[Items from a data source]
***
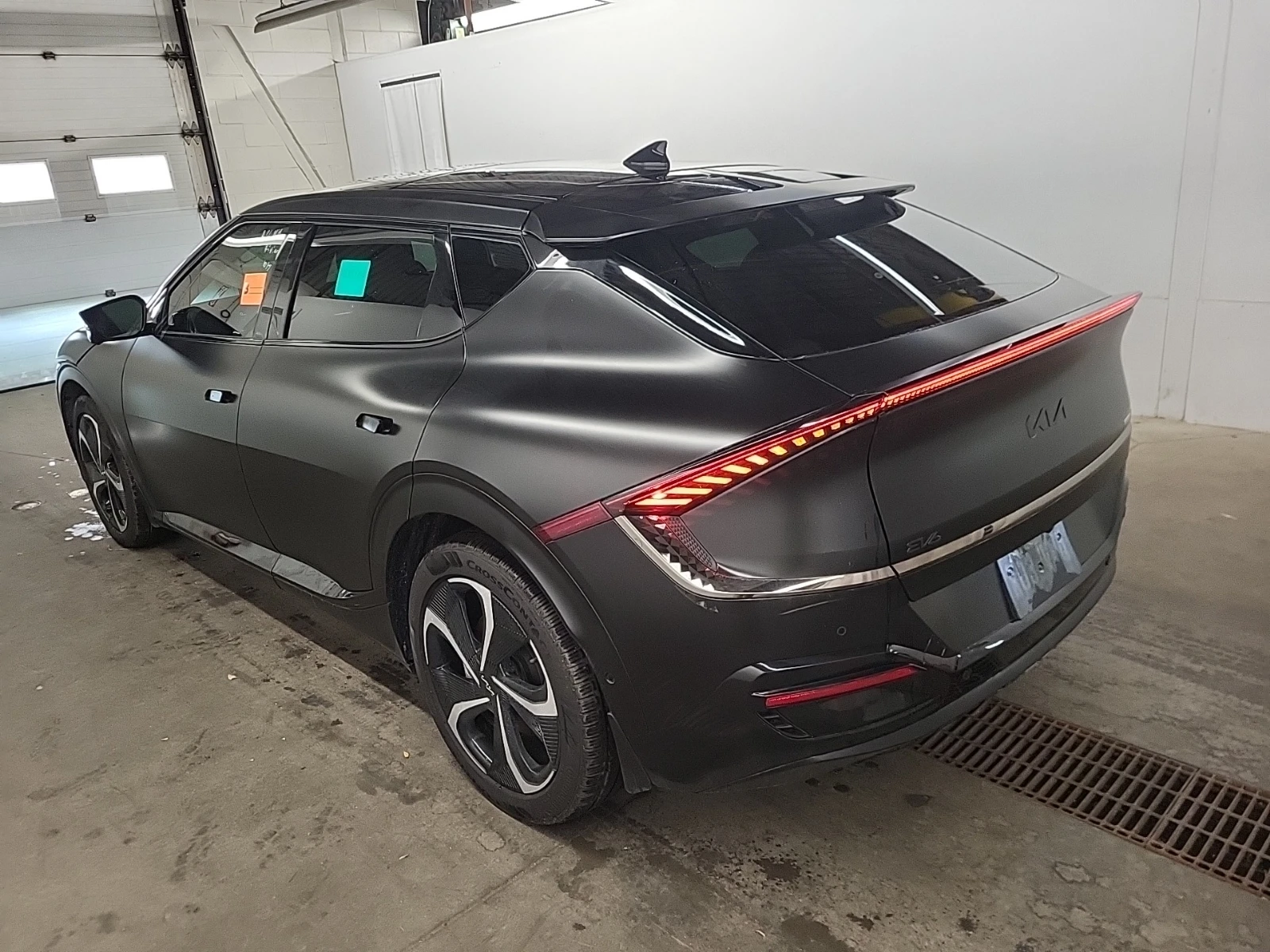 Kia EV6 * LONG RANGE W/GT-LINE PKG 1* * АвтоКредит*  - изображение 4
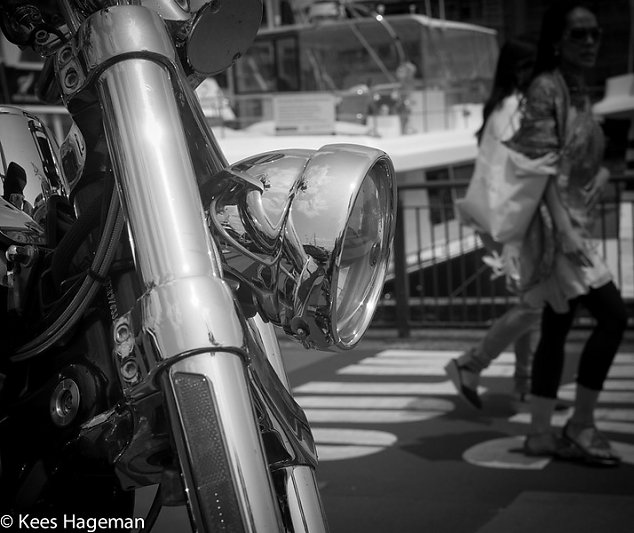 L1000252-66-BorderMaker.jpg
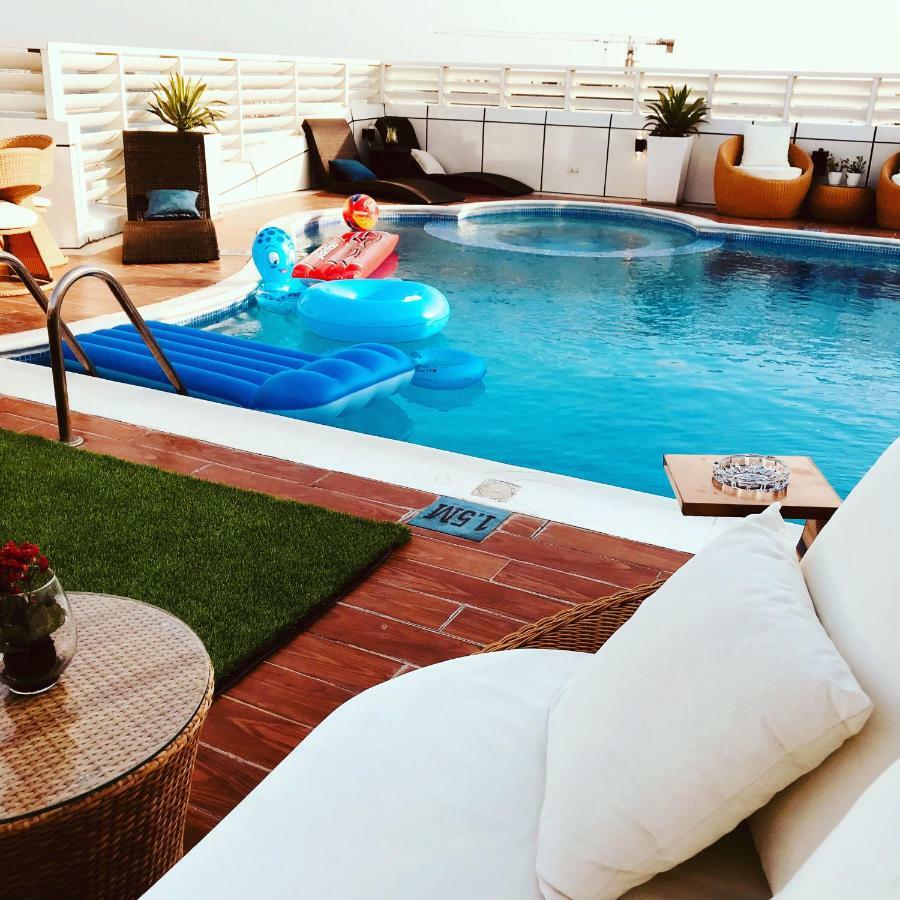 Saxophone Suites Muharraq Eksteriør bilde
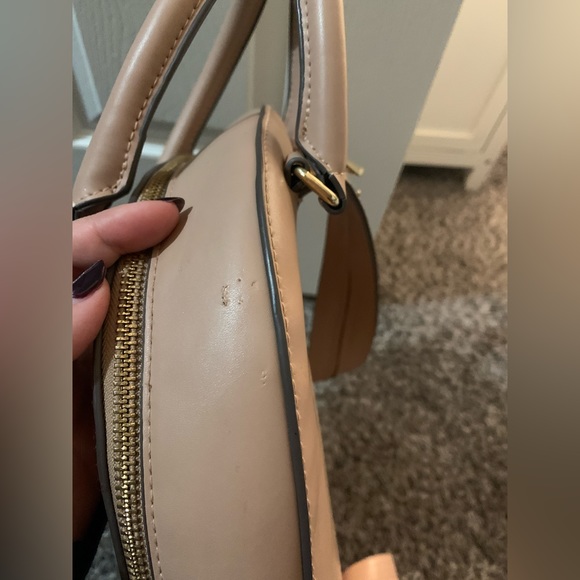 ✨New✨ A New Day Target Zip Top Dome Commuter Bag - Picture 9 of 16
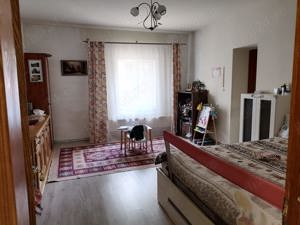 Ultracentral Sinaia, apt 2 camere, garaj, etaj 1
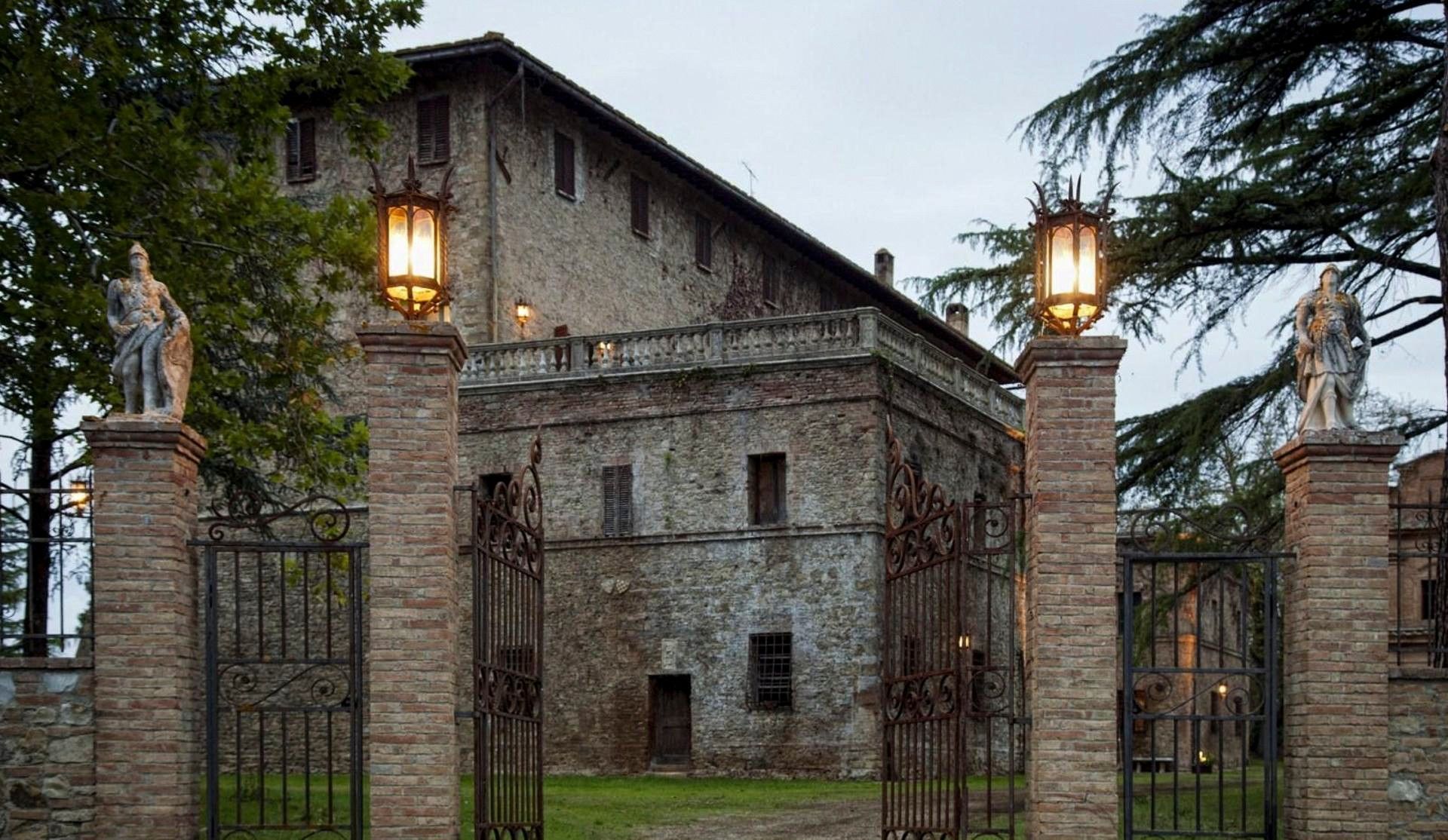 Bilder Toskansk egendom med slott, kapell och 18 hektar mark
***
* _Your task_: Give the data again exactly as written, with no pictures included.

* _Finished task_:
 Kia EV6 * LONG RANGE W/GT-LINE PKG 1* * АвтоКредит*  - изображение 4
 L1000252-66-BorderMaker.jpg
 Saxophone Suites Muharraq Eksteriør bilde
 ✨New✨ A New Day Target Zip Top Dome Commuter Bag - Picture 9 of 16
 Ultracentral Sinaia, apt 2 camere, garaj, etaj 1
 Bilder Toskansk egendom med slott, kapell och 18 hektar mark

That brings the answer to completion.